This inspirational drama follows real-life teenager Simon Jackson (Mark Rendall), a quiet and awkward student who, after a remarkable encounter in the woods, almost single-handedly embarks on a successful crusade to protect the endangered Kermode Bear … see full wiki

Cast: Katie Stuart
Release Date: 2005
MPAA Rating: Unrated
1 review about Spirit Bear - The Simon Jackson Story

Spirit Bear: The Simon Jackson Story - 2005

  • Jan 18, 2010
Pros: good family movie with powerful message

Cons: none for me

The Bottom Line:
"Today, we must illustrate that the greatest sin is not trying ... "
~Simon Jackson

I recently had the pleasure of watching Spirit Bear: The Simon Jackson Story, which is based on the events in Jackson’s life when he was age 13-17. It was directed by Stefan Scaini, written by Kent Staines. It was nominated for 3 awards, winning one and shows no obvious rating on IMDB but it certainly is a movie that could be viewed by any age.
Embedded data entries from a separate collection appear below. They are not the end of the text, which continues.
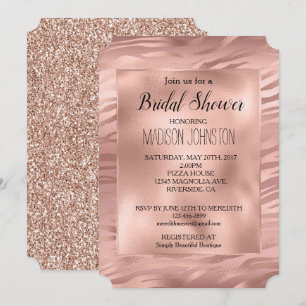 Invitation Glam Rose Gold Zebra Parties scintillant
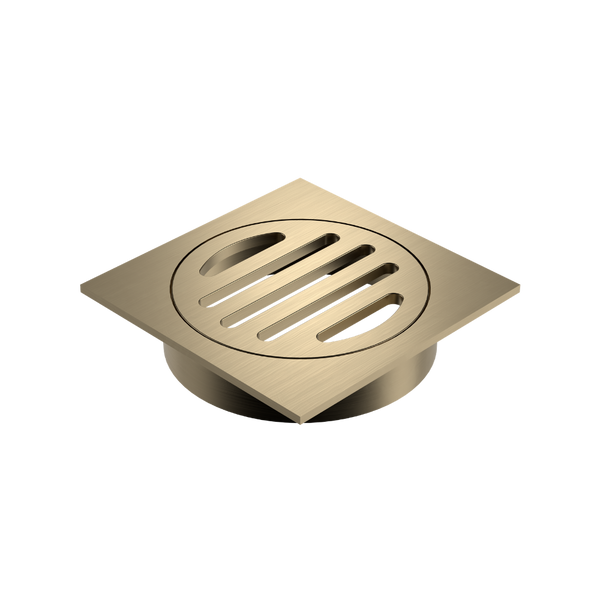 Caroma Square Floor Waste 80mm Outlet Brushed Brass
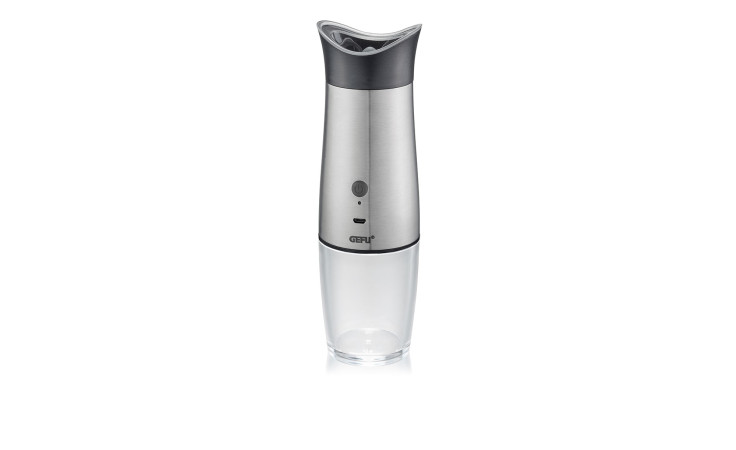 Die GEFU Salz- oder Pfeffermühle Velo ist eine elektrische Kaffeemühle aus Edelstahl mit schwarzem Deckel und transparentem Boden.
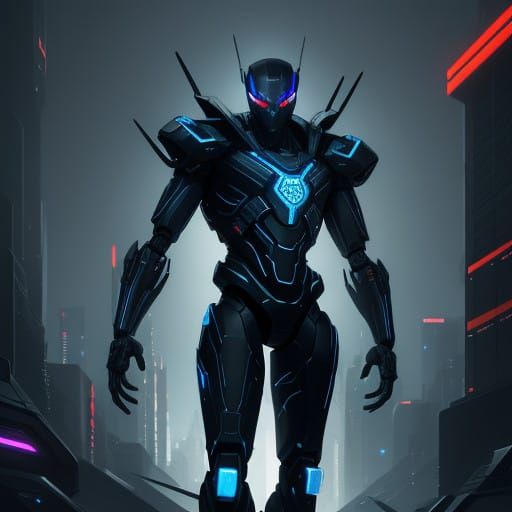 Cyberpunk Spider Robot in Neon Cityscape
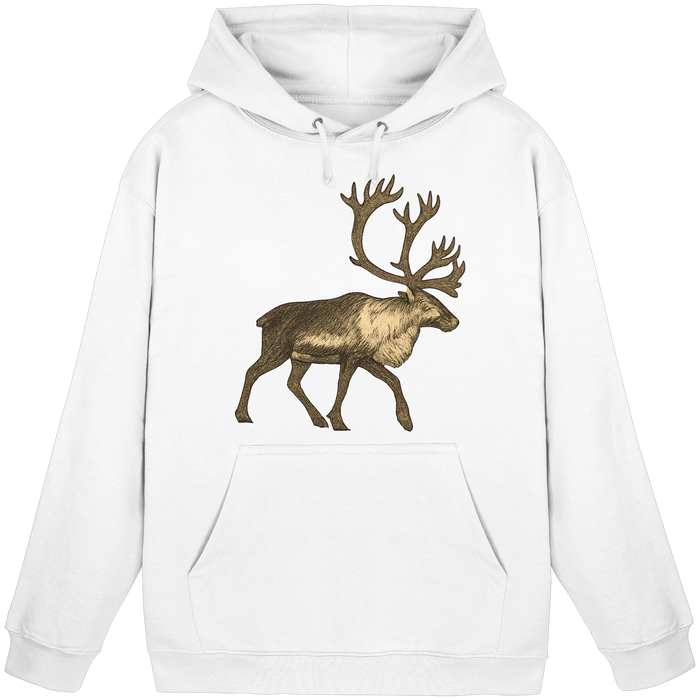 Arvenzo Tundra Walk hoodie in Arctic White, front view showing unisex casual hoodie with a cozy fit and minimalist design.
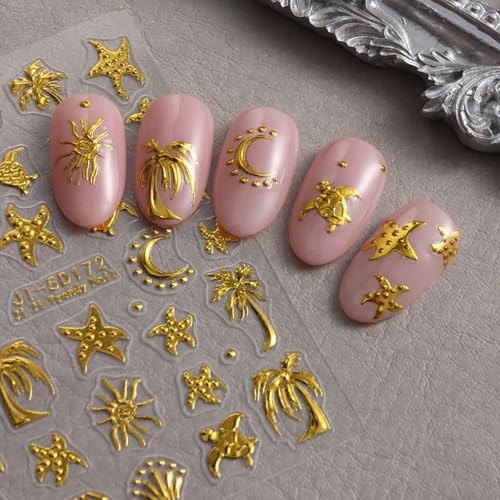 Summer Nail Art Stickers – Decals Palm Tree Starfish 5D Embossed Nail Style1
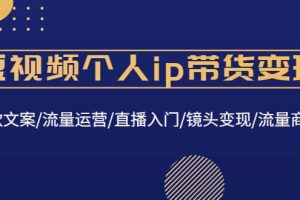 短視頻個人ip帶貨變現：爆款文案/流量運營/直播入門/鏡頭變現/流量商業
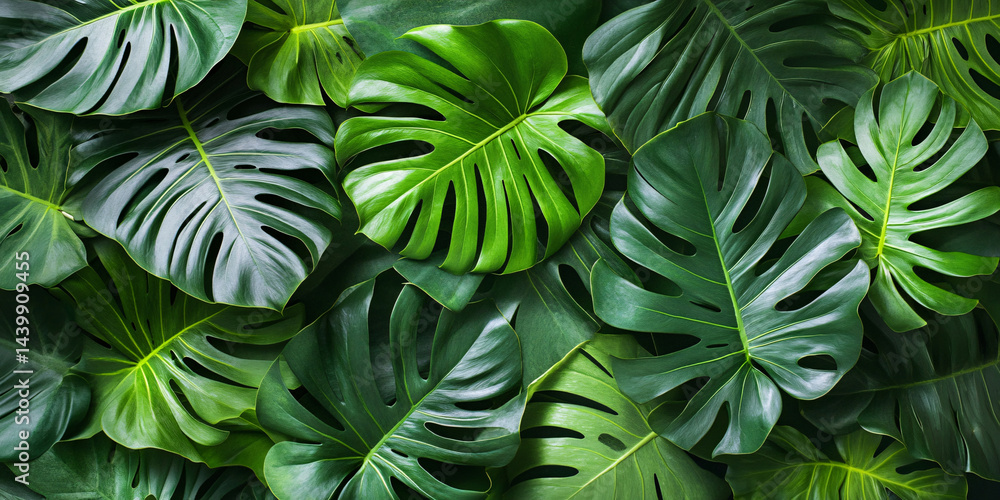 A vibrant image showcasing lush green monstera leaves. A vibrant image showcasing lush green monstera leaves.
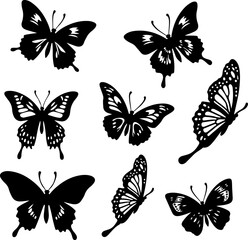 Tribal Butterfly Silhouette Collection" vector bundle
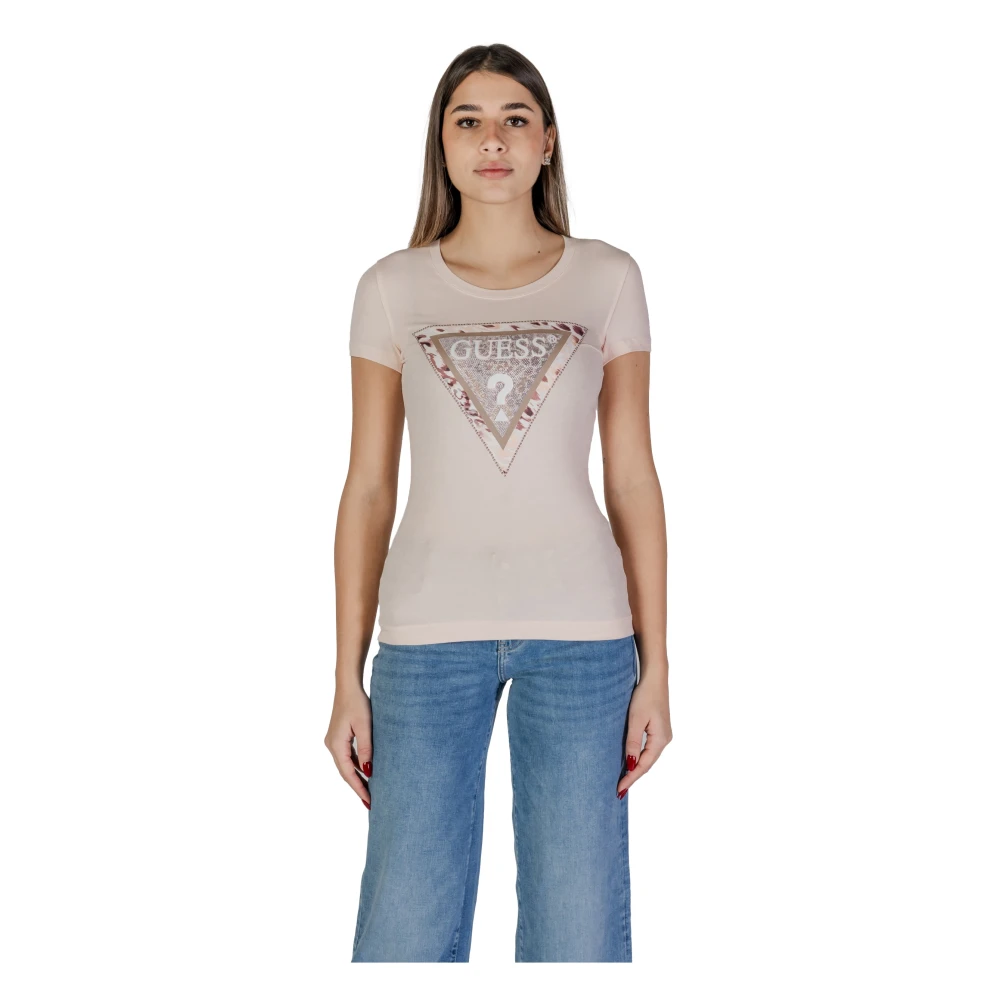 Guess Korte Mouw T-shirt Lente Zomer Collectie Pink Dames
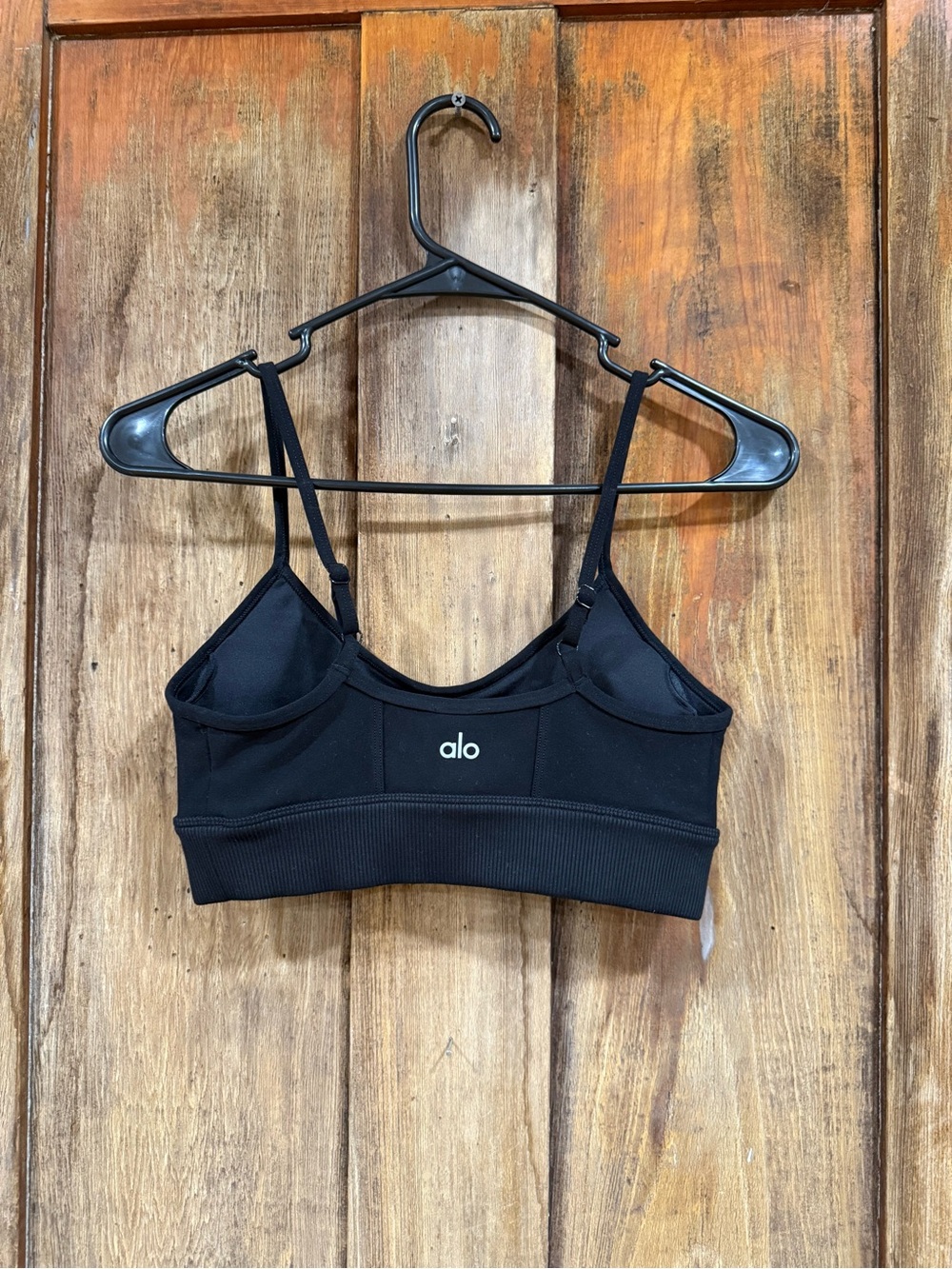 ALO Yoga Black Ribbed Light-Support Bralette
The principles in the movie are Simon Jackson played by Mark Rendall; Lloyd Blackburn played by Graham Greene; Marcus Perdue played by Katie Stuart; and Frank Perdue played by Ed Begley, Jr. I did have to laugh at the irony of Ed Begley playing the part of the evil destroyer of forest land when he is so obviously a tree hugger in real life.

Simon and the Spirit Bear:
Simon is such a cliched nerd it is almost embarrassing. At age 13, while hiking in the forest taking photographs, he takes a tumble down a ravine. As he attempts to climb out, a large black [maybe brown] bear shows up. At the point that it looks like Simon’s part in the movie is going to be short lived, a large white bear appears out of the forest and confronts the black/brown bear.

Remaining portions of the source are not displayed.